Convert SQL Queries into Pandas
# Select everything from table1
SELECT *
FROM table1
df.head()
SELECT column1, column2
FROM table1
df[['column1', 'column2']]
SELECT column1, column2
FROM table1
WHERE column1 = 100
df[['column1', 'column2']].loc[df['column1'] == 100]
SELECT *
FROM table1
WHERE column1 > 10 AND column2 < 100
df.loc[(df['column1'] > 10) & (df['column2'] < 100)]
df.loc[(df['column1'] > 10) | ~(df['column2'] < 100)]
SELECT *
FROM table1
WHERE column1 BETWEEN 1 and 3 AND column2 IN (10,20) AND column3 LIKE '%ewyor%'
df.loc[(df['colum1'].between(1,3)) & (df['column2'].isin([10,20])) & (df['column3'].str.contains('ewyor'))]

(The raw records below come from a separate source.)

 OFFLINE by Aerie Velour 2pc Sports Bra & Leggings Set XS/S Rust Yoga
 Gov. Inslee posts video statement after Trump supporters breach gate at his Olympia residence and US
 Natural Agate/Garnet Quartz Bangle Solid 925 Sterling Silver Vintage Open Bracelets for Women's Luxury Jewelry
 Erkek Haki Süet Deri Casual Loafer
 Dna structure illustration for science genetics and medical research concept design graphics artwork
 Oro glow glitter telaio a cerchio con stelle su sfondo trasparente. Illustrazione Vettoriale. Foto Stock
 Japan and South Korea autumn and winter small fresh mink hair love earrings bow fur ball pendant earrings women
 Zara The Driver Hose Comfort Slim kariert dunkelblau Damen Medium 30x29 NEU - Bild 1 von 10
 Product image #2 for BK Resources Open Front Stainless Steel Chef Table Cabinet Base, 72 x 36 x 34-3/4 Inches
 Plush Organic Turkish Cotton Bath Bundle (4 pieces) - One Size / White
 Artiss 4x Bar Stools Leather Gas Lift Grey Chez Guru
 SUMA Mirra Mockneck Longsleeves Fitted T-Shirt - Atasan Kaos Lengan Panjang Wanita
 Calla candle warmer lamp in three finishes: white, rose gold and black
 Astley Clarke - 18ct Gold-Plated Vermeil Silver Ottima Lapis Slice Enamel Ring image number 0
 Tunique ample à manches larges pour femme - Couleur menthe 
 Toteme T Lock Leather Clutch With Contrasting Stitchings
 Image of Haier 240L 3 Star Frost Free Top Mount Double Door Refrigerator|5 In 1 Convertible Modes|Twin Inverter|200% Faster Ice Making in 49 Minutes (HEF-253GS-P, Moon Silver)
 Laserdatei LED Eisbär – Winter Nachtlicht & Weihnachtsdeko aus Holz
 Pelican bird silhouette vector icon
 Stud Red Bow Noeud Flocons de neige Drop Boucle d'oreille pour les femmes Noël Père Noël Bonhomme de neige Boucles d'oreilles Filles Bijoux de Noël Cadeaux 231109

SELECT t1.column1, t2.column1
FROM table1 t1
INNER JOIN table2 t2 ON t1.column_id = t2.column_id
df_joined = df1.join(df2, on='column_id', how='inner')
df_joined.loc[['column1_df1', 'column1_df2']]
SELECT column1, count(*)
FROM table1
GROUP BY column1
df.groupby('column1')['column1'].count()
SELECT store, sum(employees)
FROM table1
GROUP BY branch
HAVING sum(employees) > 10
df_grouped = df.groupby('branch')['employees'].sum()
df_grouped.loc[df_grouped > 100]
SELECT *
FROM table1
ORDER BY column1 DESC
df.sort_values(by=['column1'], ascending=False)